**RECORDS PROVIDED**
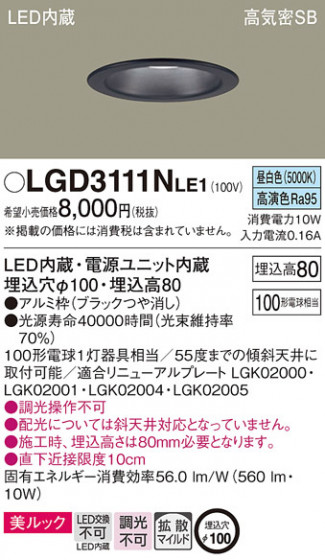 Panasonic ������饤�� LGD3111NLE1 �ᥤ��̿�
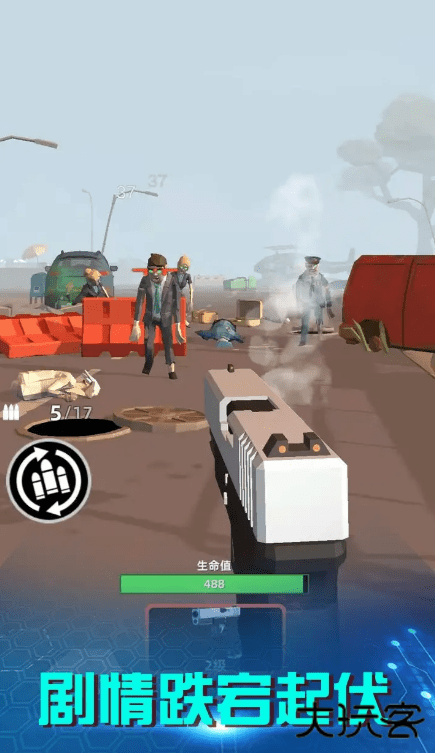 破晓计划下载 v1.0.1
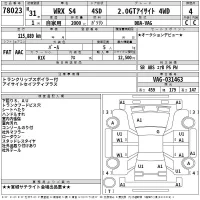 Subaru WRX лот № 78023 оценка 4  с аукциона в Японии 2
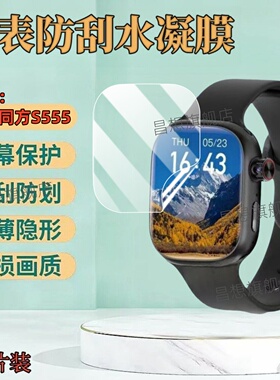 适用清华同方S555儿童电话手表贴膜S777屏幕保护膜S222智能运动腕表S200高清水凝膜S100防爆软模S77+镜面护眼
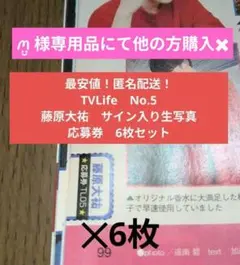 【ꪔ̤̮ ‪様専用品】TVLife　藤原大祐　サイン入り生写真　応募券　6枚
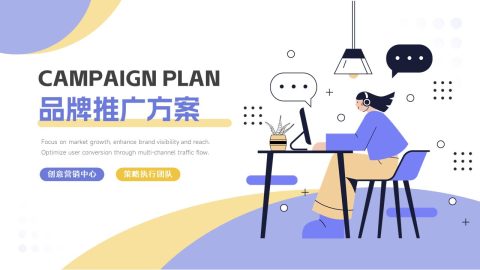 蓝黄清新插画品牌推广策划方案PPT模板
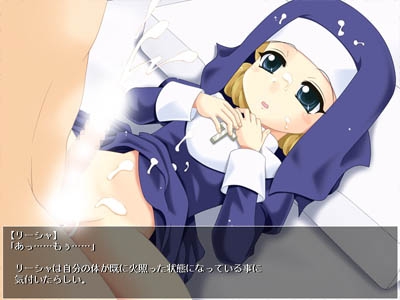 人間牧場～第6章～ [眉毛屋] | DLsite 同人 - R18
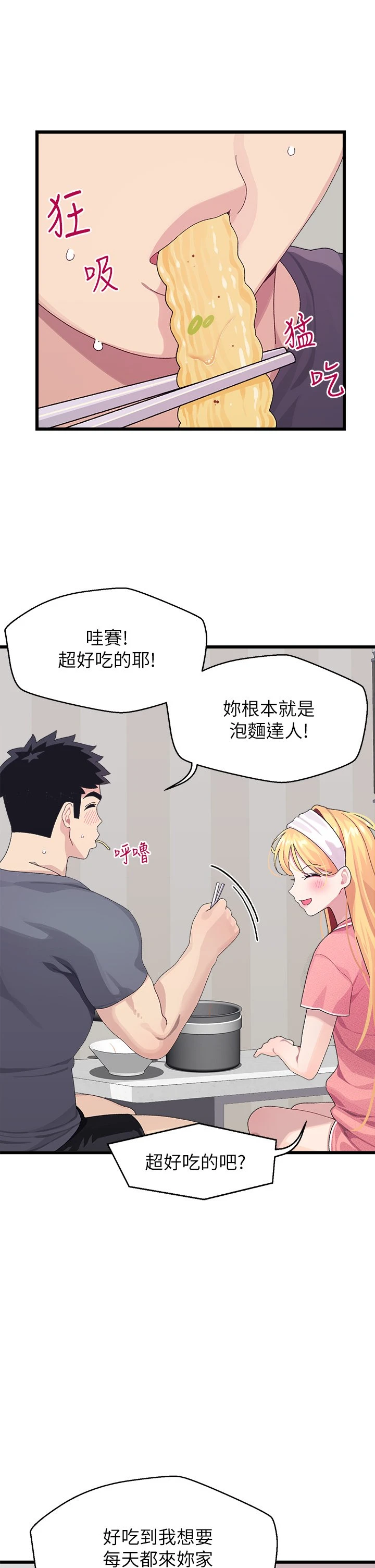 [Manhwa] Plop Pitch Pairing Plot, mature woman, big breasts#[43P]-19
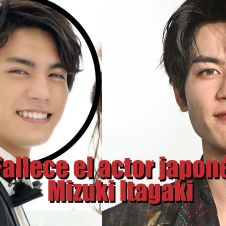 Fallece el actor japonés Mizuki Itagaki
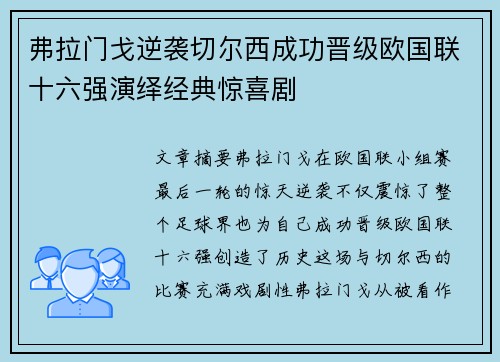 弗拉门戈逆袭切尔西成功晋级欧国联十六强演绎经典惊喜剧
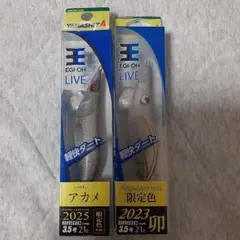 2026年最新】エギ王限定の人気アイテム - メルカリ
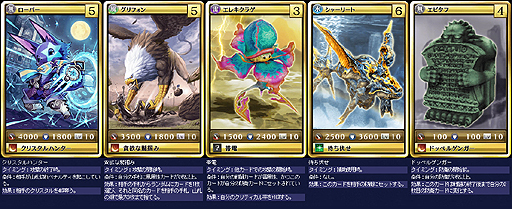画像ギャラリー No.005のサムネイル画像 / 「MONSTER×DRAGON」，アップデートで“闇スキル”持ちを含む計35枚の新カードを追加。追加された全カードのビジュアルを4Gamerに掲載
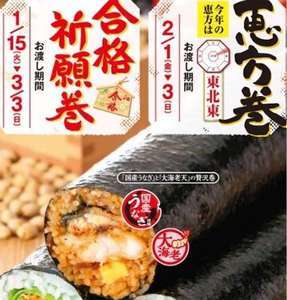 f:id:maki-is-simple:20190209221536j:plain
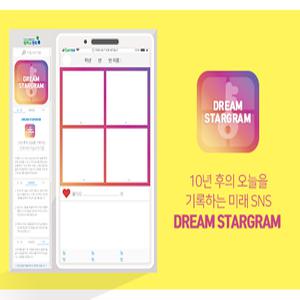 [캠퍼스멘토] 10년 후의 오늘을 기록하는 미래 SNS 드림스타그램 (20매 1set)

**PROBLEM DETAILS**
Write the records above out again word for word, skipping each picture.

**WRITTEN ANSWER**
 Panasonic ������饤�� LGD3111NLE1 �ᥤ��̿�
 破晓计划下载 v1.0.1
 Subaru WRX лот № 78023 оценка 4  с аукциона в Японии 2
 适用清华同方S555儿童电话手表贴膜S777屏幕保护膜S222智能运动腕表S200高清水凝膜S100防爆软模S77+镜面护眼
 【ꪔ̤̮ ‪様専用品】TVLife　藤原大祐　サイン入り生写真　応募券　6枚
 蓝黄清新插画品牌推广策划方案PPT模板
 人間牧場～第6章～ [眉毛屋] | DLsite 同人 - R18
 [Manhwa] Plop Pitch Pairing Plot, mature woman, big breasts#[43P]-19
 Fallece el actor japonés Mizuki Itagaki
 弗拉门戈逆袭切尔西成功晋级欧国联十六强演绎经典惊喜剧
 2026年最新】エギ王限定の人気アイテム - メルカリ
画像ギャラリー No.005のサムネイル画像 / 「MONSTER×DRAGON」，アップデートで“闇スキル”持ちを含む計35枚の新カードを追加。追加された全カードのビジュアルを4Gamerに掲載
 f:id:maki-is-simple:20190209221536j:plain
 [캠퍼스멘토] 10년 후의 오늘을 기록하는 미래 SNS 드림스타그램 (20매 1set)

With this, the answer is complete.